SOR 421 Specification Requires Testing… Really?

Specification Requires Testing… Really?

Abstract

Chris and Fred discuss scenarios where it is (for whatever reason) impossible to demonstrate reliability through testing. Some organizations think that if you can’t demonstrate through testing … then it can’t be a requirement that appears in a specification. So … does this mean that the customer can’t get something that is reliable if we can’t test for it? … can customers even ask for it? Of course they can. The customer knows what they want. Everyone needs to understand that you can verify performance through activities that don’t involve testing (… like analysis). This is how it works for nuclear power plants … so what makes your organization special? Listen to this podcast if this intrigues you.

Key Points

Join Chris and Fred as they discuss scenarios where organizations either struggle or cannot demonstrate reliability through testing. We engineers tend to like unequivocal or ‘certain’ information. The problem is … this doesn’t exist in the real world. Testing often has the ‘visage’ of objectivity, but will always involve uncertainty. Testing can have more uncertainty than analysis that incorporates ‘soft’ information such as expert judgment, physics of failure models and so on. This is because there is so much information out there if you choose to use it. So why do we think that testing results in ‘perfect’ information that no other information source can approach?

Topics include:

  • The specification summarizes what the customer’s wants. It is not a product of Quality Assurance (QA) or verification functions. The end.
  • There are plenty of examples where ‘highly reliable’ things cannot be tested for reliability. Nuclear power plants cannot be tested until failure. Neither can spacecraft, aircraft and many other things that need to be very reliable. How can they be allowed to operate?
  • Things you can’t test for still inform design. If your manager or leader is a robot, then perhaps testing is the only way you can influence design. But this doesn’t apply if we remember that engineers and designers are human beings.
  • Testing is a form of verification. Verification does not have to be testing. All you need is ‘evidence.’ Physics of failure models have been around for a long time. Evidence may be ‘soft’ and could be based on things like expert judgment. This is OK, if you take into consideration uncertainty.
  • … and you don’t need to have verification to influence design. If you constantly update the reliability analysis of your system (which doesn’t need testing), you can work out which components are driving failure. And this allows you to influence design.
  • Analysis is everything. You constantly analyze during design. By the time it comes to verification … the design is supposed to be done. So it is too late anyway.
  • Why do we have to act like we have forgotten everything we learned when it comes to testing? By this we mean that if you have information sources like the previous model’s operational data (for example), why wouldn’t you use this? You are wasting information, and by extension money if you don’t maximize what you have.

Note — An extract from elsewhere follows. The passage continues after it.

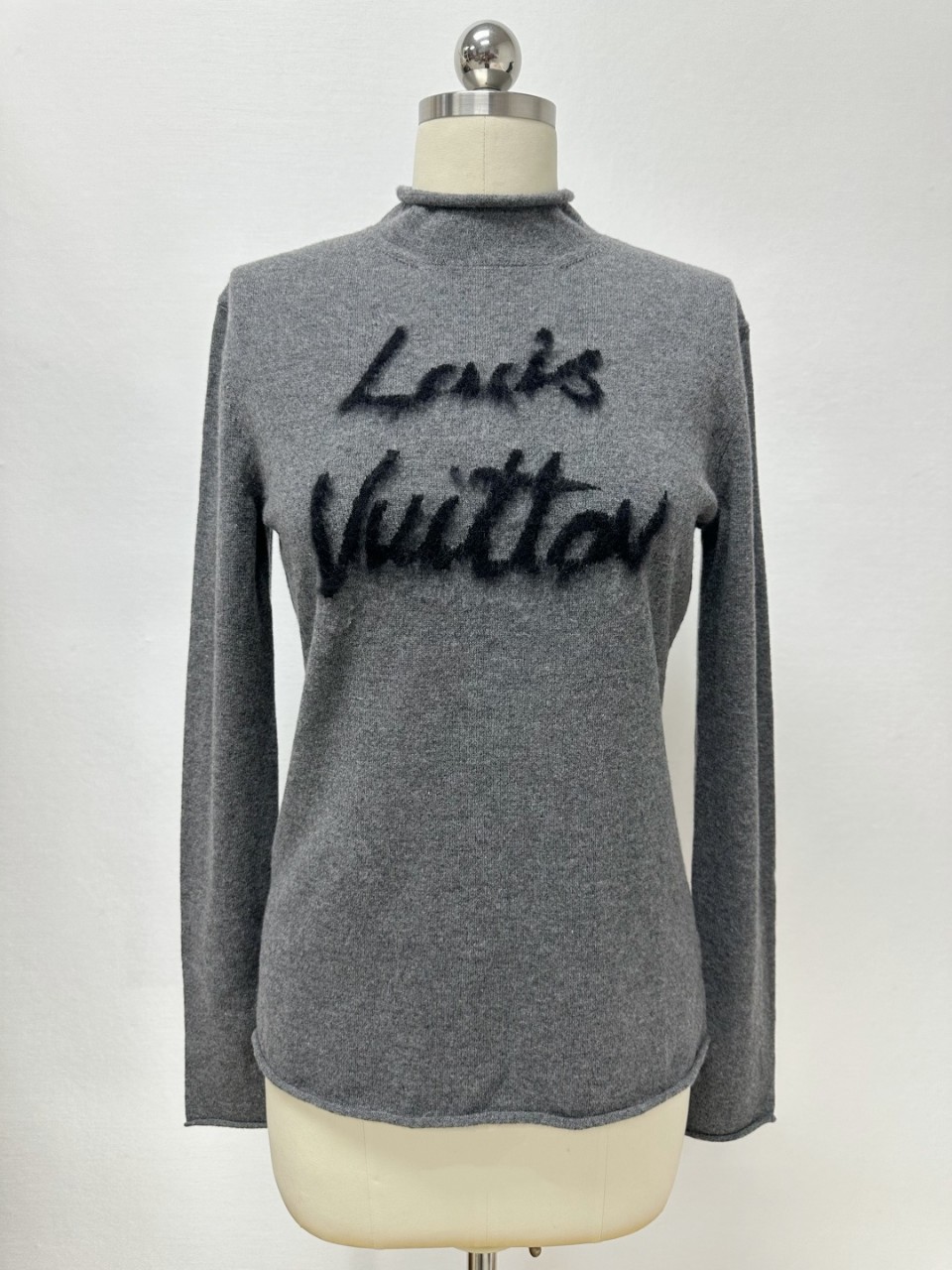 루이비통 25FW 시그니처 브러시드 니트 스웨터 1AHZCU (다크그레이) S M L #타지아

Enjoy an episode of Speaking of Reliability. Where you can join friends as they discuss reliability topics. Join us as we discuss topics ranging from design for reliability techniques, to field data analysis approaches.


Speaking Of Reliability: Friends Discussing Reliability Engineering Topics | Warranty | Plant Maintenance
Speaking Of Reliability: Friends Discussing Reliability Engineering Topics | Warranty | Plant Maintenance
SOR 421 Specification Requires Testing... Really?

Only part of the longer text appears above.